Today in History:

83 Series I Volume XXIII-II Serial 35 - Tullahoma Campaign Part II

Page 83 Chapter XXXV. CORRESPONDENCE, ETC. - UNION.


HEADQUARTERS DISTRICT OF WESTERN KENTUCKY,
Louisville, February 23, 1863.

Reliable information, just received, says Morgan crossed the Cumberland Thursday night between Hartsville and Carthage; supposed to be going to Hopkinsville. Look out for him, and fight him at all hazards.

J. T. BOYLE,

Brigadier-General.

(Send this to Colonel Hobson, Munfordville; Colonel C. Maxwell, Russellville; Brigadier-General Manson, Bowling Green, and Colonel S. D. Bruce, Clarksville.)

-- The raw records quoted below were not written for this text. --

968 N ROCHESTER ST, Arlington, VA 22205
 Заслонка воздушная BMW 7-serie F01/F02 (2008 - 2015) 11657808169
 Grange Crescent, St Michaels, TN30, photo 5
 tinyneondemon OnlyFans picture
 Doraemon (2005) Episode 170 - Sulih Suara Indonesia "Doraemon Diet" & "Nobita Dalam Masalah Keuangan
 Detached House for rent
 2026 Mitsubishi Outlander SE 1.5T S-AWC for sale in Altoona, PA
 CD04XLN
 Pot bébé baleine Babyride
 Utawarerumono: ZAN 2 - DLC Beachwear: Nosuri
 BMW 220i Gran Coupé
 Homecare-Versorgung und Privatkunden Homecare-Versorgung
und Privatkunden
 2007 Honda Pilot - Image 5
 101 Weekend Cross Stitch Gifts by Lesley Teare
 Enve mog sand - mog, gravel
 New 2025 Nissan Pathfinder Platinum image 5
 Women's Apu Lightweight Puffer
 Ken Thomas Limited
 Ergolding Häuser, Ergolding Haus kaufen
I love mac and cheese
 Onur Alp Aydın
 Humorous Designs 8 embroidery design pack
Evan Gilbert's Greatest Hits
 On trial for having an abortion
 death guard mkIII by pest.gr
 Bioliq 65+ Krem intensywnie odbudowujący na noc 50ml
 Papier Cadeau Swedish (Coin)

MURFREESBOROUGH, February 23, 1863.

Brigadier-General CROOK, Nashville:

Your dispatch received. The report as to Morgan's forces must certainly be incorrect. General Stanley, with a force of cavalry, returned from beyond Liberty night before last, and left nothing there. There is also an expedition of 1,000 picked men in that neighborhood.

W. S. ROSECRANS,

Major-General.

CAIRO, ILL., February 23, 1863 - 11 p. m.

STEPHEN A. HURLBUT,

Major-General, Commanding Memphis, Tenn.:

Have heard nothing. Gunboats have gone up Tennessee River.

A. M. PENNOCK,

Fleet Captain and Commandant of Station.

MURFREESBOROUGH, TENN.,

February 24, 1863 - 12.40 p. m.

His Excellency the PRESIDENT:

Perceiving the Senate wishes you to select from your list of nominees, and having no friends to reward, enemies to punish, or axes to grind, I beg permission, in the interest of the service and the name of the Army of the Cumberland, to ask that the following brigadier-generals: D. S. Stanley, James S. Negley, P. H. Sheridan, Jeff. C. Davis, John M. Palmer, Thomas J. Wood, and H. P. Van Cleve, be promoted to major-generals; and that Cols. John Beatty, Thirtieth Ohio; Samuel Beatty, Nineteenth Ohio; W. P. Carlin, Thirty-eighth Illinois; William B. Hazen, Forty-first Ohio; George D. Wagner, Fifteenth Indiana; W. H. Gibson, Forty-ninth Ohio; and W. Grose, Thirty-sixth Indiana, be appointed brigadiers. They have earned promotion by hard fighting and hard service as brigade commanders. They will all be obliged to serve as such. Justice to them demands the rank and the staff, and justice to their regiments (always among the best) demands that their absence from the regiments should be supplied by promoting their lieutenant-colonels to colonels and giving them majors. Colonel Starkweather ought also to be made a brigadier.

W. S. ROSECRANS,

Major-General.


Page 83 Chapter XXXV. CORRESPONDENCE, ETC. - UNION.